+++ RAW DATA
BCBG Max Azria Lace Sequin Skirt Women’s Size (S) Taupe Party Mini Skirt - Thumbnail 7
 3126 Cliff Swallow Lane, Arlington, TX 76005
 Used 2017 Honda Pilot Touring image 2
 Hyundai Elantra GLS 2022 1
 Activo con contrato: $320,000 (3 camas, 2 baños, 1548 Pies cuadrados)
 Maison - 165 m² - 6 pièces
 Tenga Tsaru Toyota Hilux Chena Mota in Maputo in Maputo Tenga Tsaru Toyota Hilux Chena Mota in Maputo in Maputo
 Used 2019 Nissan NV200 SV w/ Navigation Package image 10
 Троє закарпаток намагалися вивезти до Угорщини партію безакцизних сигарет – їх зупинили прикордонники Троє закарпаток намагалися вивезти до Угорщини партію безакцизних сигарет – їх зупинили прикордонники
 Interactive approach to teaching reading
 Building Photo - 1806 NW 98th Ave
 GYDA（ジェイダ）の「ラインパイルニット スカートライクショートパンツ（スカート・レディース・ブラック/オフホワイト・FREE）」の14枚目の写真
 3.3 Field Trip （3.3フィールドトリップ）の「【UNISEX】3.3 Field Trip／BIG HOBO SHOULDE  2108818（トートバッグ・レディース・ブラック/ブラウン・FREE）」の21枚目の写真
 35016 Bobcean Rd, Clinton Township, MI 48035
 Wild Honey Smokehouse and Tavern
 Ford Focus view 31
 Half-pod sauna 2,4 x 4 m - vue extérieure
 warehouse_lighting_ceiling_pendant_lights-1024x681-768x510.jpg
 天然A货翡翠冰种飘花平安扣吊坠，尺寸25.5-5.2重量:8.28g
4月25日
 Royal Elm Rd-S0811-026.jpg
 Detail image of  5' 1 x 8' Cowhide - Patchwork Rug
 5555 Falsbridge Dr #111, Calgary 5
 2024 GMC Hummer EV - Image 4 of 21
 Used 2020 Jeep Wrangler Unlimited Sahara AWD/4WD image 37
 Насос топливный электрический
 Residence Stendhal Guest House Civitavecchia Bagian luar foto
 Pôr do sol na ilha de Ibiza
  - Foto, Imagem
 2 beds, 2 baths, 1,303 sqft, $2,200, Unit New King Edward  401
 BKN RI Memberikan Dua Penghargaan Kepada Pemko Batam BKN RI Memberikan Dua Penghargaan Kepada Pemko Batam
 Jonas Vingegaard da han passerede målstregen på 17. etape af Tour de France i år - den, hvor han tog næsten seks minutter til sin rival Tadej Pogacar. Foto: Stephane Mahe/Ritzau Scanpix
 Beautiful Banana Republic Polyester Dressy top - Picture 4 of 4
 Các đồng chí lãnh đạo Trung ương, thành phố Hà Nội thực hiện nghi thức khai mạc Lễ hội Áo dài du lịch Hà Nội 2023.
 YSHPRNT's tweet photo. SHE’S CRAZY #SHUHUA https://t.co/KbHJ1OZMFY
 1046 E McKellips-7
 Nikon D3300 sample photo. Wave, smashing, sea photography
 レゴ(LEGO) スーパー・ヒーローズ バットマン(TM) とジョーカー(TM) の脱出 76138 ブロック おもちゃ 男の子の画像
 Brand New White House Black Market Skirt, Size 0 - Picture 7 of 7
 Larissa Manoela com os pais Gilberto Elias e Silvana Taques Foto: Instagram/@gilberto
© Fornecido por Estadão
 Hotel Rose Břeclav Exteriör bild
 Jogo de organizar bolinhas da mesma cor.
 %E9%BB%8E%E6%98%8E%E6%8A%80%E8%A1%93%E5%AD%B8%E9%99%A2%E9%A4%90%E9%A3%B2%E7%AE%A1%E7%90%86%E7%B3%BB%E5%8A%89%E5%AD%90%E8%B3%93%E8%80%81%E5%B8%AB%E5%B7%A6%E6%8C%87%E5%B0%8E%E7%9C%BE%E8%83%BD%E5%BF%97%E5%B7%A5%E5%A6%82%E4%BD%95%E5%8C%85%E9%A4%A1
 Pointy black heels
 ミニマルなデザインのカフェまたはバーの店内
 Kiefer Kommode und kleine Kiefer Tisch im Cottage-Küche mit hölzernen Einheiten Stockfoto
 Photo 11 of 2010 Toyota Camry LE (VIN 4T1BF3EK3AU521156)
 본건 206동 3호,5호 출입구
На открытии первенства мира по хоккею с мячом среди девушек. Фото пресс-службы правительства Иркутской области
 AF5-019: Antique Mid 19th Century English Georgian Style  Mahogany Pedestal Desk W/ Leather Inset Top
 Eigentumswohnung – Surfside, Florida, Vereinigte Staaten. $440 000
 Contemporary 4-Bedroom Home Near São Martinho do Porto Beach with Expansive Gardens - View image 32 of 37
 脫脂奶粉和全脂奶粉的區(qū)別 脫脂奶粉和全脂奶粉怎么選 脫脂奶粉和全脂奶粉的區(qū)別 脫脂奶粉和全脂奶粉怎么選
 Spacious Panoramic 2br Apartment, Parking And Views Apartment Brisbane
++++++
* **YOUR INSTRUCTIONS**: Each record should come back exactly as written.

* **REPLY TO THE EXERCISE**:
BCBG Max Azria Lace Sequin Skirt Women’s Size (S) Taupe Party Mini Skirt - Thumbnail 7
 3126 Cliff Swallow Lane, Arlington, TX 76005
 Used 2017 Honda Pilot Touring image 2
 Hyundai Elantra GLS 2022 1
 Activo con contrato: $320,000 (3 camas, 2 baños, 1548 Pies cuadrados)
 Maison - 165 m² - 6 pièces
 Tenga Tsaru Toyota Hilux Chena Mota in Maputo in Maputo Tenga Tsaru Toyota Hilux Chena Mota in Maputo in Maputo
 Used 2019 Nissan NV200 SV w/ Navigation Package image 10
 Троє закарпаток намагалися вивезти до Угорщини партію безакцизних сигарет – їх зупинили прикордонники Троє закарпаток намагалися вивезти до Угорщини партію безакцизних сигарет – їх зупинили прикордонники
 Interactive approach to teaching reading
 Building Photo - 1806 NW 98th Ave
 GYDA（ジェイダ）の「ラインパイルニット スカートライクショートパンツ（スカート・レディース・ブラック/オフホワイト・FREE）」の14枚目の写真
 3.3 Field Trip （3.3フィールドトリップ）の「【UNISEX】3.3 Field Trip／BIG HOBO SHOULDE  2108818（トートバッグ・レディース・ブラック/ブラウン・FREE）」の21枚目の写真
 35016 Bobcean Rd, Clinton Township, MI 48035
 Wild Honey Smokehouse and Tavern
 Ford Focus view 31
 Half-pod sauna 2,4 x 4 m - vue extérieure
 warehouse_lighting_ceiling_pendant_lights-1024x681-768x510.jpg
 天然A货翡翠冰种飘花平安扣吊坠，尺寸25.5-5.2重量:8.28g
4月25日
 Royal Elm Rd-S0811-026.jpg
 Detail image of  5' 1 x 8' Cowhide - Patchwork Rug
 5555 Falsbridge Dr #111, Calgary 5
 2024 GMC Hummer EV - Image 4 of 21
 Used 2020 Jeep Wrangler Unlimited Sahara AWD/4WD image 37
 Насос топливный электрический
 Residence Stendhal Guest House Civitavecchia Bagian luar foto
 Pôr do sol na ilha de Ibiza
  - Foto, Imagem
 2 beds, 2 baths, 1,303 sqft, $2,200, Unit New King Edward  401
 BKN RI Memberikan Dua Penghargaan Kepada Pemko Batam BKN RI Memberikan Dua Penghargaan Kepada Pemko Batam
 Jonas Vingegaard da han passerede målstregen på 17. etape af Tour de France i år - den, hvor han tog næsten seks minutter til sin rival Tadej Pogacar. Foto: Stephane Mahe/Ritzau Scanpix
 Beautiful Banana Republic Polyester Dressy top - Picture 4 of 4
 Các đồng chí lãnh đạo Trung ương, thành phố Hà Nội thực hiện nghi thức khai mạc Lễ hội Áo dài du lịch Hà Nội 2023.
 YSHPRNT's tweet photo. SHE’S CRAZY #SHUHUA https://t.co/KbHJ1OZMFY
 1046 E McKellips-7
 Nikon D3300 sample photo. Wave, smashing, sea photography
 レゴ(LEGO) スーパー・ヒーローズ バットマン(TM) とジョーカー(TM) の脱出 76138 ブロック おもちゃ 男の子の画像
 Brand New White House Black Market Skirt, Size 0 - Picture 7 of 7
 Larissa Manoela com os pais Gilberto Elias e Silvana Taques Foto: Instagram/@gilberto
© Fornecido por Estadão
 Hotel Rose Břeclav Exteriör bild
 Jogo de organizar bolinhas da mesma cor.
 %E9%BB%8E%E6%98%8E%E6%8A%80%E8%A1%93%E5%AD%B8%E9%99%A2%E9%A4%90%E9%A3%B2%E7%AE%A1%E7%90%86%E7%B3%BB%E5%8A%89%E5%AD%90%E8%B3%93%E8%80%81%E5%B8%AB%E5%B7%A6%E6%8C%87%E5%B0%8E%E7%9C%BE%E8%83%BD%E5%BF%97%E5%B7%A5%E5%A6%82%E4%BD%95%E5%8C%85%E9%A4%A1
 Pointy black heels
 ミニマルなデザインのカフェまたはバーの店内
 Kiefer Kommode und kleine Kiefer Tisch im Cottage-Küche mit hölzernen Einheiten Stockfoto
 Photo 11 of 2010 Toyota Camry LE (VIN 4T1BF3EK3AU521156)
 본건 206동 3호,5호 출입구
На открытии первенства мира по хоккею с мячом среди девушек. Фото пресс-службы правительства Иркутской области
 AF5-019: Antique Mid 19th Century English Georgian Style  Mahogany Pedestal Desk W/ Leather Inset Top
 Eigentumswohnung – Surfside, Florida, Vereinigte Staaten. $440 000
 Contemporary 4-Bedroom Home Near São Martinho do Porto Beach with Expansive Gardens - View image 32 of 37
 脫脂奶粉和全脂奶粉的區(qū)別 脫脂奶粉和全脂奶粉怎么選 脫脂奶粉和全脂奶粉的區(qū)別 脫脂奶粉和全脂奶粉怎么選
 Spacious Panoramic 2br Apartment, Parking And Views Apartment Brisbane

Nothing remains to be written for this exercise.